Xu Guozheng, Smart Thomas J, Durech Eduard, Sarunic Marinko V
Department of Medical Physics and Biomedical Engineering, University College London, London WC1E 6BT, United Kingdom.
Institute of Ophthalmology, University College London, London WC1E 6BT, United Kingdom.
Biomed Opt Express. 2024 Jul 23;15(8):4795-4814. doi: 10.1364/BOE.528579. eCollection 2024 Aug 1.

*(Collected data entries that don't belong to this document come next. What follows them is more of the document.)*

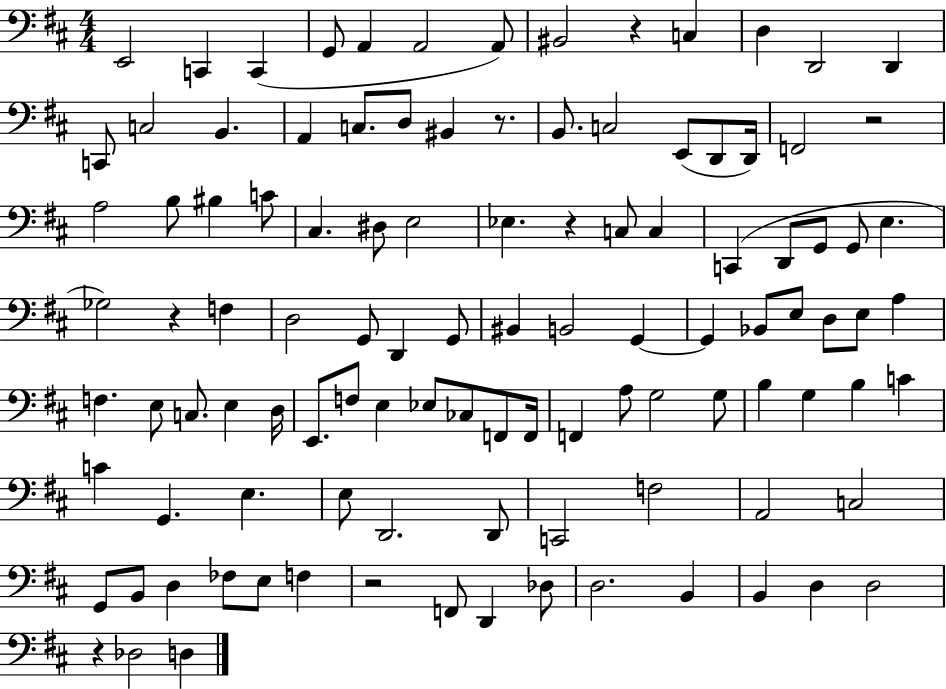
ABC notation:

X:1
T:Untitled
M:4/4
L:1/4
K:D
E,,2 C,, C,, G,,/2 A,, A,,2 A,,/2 ^B,,2 z C, D, D,,2 D,, C,,/2 C,2 B,, A,, C,/2 D,/2 ^B,, z/2 B,,/2 C,2 E,,/2 D,,/2 D,,/4 F,,2 z2 A,2 B,/2 ^B, C/2 ^C, ^D,/2 E,2 _E, z C,/2 C, C,, D,,/2 G,,/2 G,,/2 E, _G,2 z F, D,2 G,,/2 D,, G,,/2 ^B,, B,,2 G,, G,, _B,,/2 E,/2 D,/2 E,/2 A, F, E,/2 C,/2 E, D,/4 E,,/2 F,/2 E, _E,/2 _C,/2 F,,/2 F,,/4 F,, A,/2 G,2 G,/2 B, G, B, C C G,, E, E,/2 D,,2 D,,/2 C,,2 F,2 A,,2 C,2 G,,/2 B,,/2 D, _F,/2 E,/2 F, z2 F,,/2 D,, _D,/2 D,2 B,, B,, D, D,2 z _D,2 D,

Sensorless adaptive optics (SAO) has been widely used across diverse fields such as astronomy, microscopy, and ophthalmology. Recent advances have proved the feasibility of using the deep deterministic policy gradient (DDPG) for image metric-based SAO, achieving fast correction speeds compared to the coordinate search Zernike mode hill climbing (ZMHC) method. In this work, we present a multi-observation single-step DDPG (MOSS-DDPG) optimization framework for SAO on a confocal scanning laser ophthalmoscope (SLO) system with particular consideration for applications in preclinical retinal imaging. MOSS-DDPG optimizes target Zernike coefficients in a single-step manner based on 2 + 1 observations of the image sharpness metric values. Through simulations, MOSS-DDPG has demonstrated the capability to quickly achieve diffraction-limited resolution performance with long short-term memory (LSTM) network implementation. tests suggest that knowledge learned through simulation adapts swiftly to imperfections in the real system by transfer learning, exhibiting comparable performance to the ZMHC method with a greater than tenfold reduction in the required number of iterations.
无传感器自适应光学(SAO)已在天文学、显微镜学和眼科等多个领域得到广泛应用。最近的进展证明了将深度确定性策略梯度(DDPG)用于基于图像度量的SAO的可行性,与坐标搜索泽尼克模式爬山(ZMHC)方法相比,实现了更快的校正速度。在这项工作中,我们针对共焦扫描激光检眼镜(SLO)系统上的SAO提出了一种多观测单步DDPG(MOSS-DDPG)优化框架,特别考虑了其在临床前视网膜成像中的应用。MOSS-DDPG基于对图像清晰度度量值的2 + 1次观测,以单步方式优化目标泽尼克系数。通过仿真,MOSS-DDPG通过长短期记忆(LSTM)网络实现,已证明能够快速实现衍射极限分辨率性能。测试表明,通过仿真学到的知识通过迁移学习能迅速适应实际系统中的缺陷,其性能与ZMHC方法相当,所需迭代次数减少了十倍以上。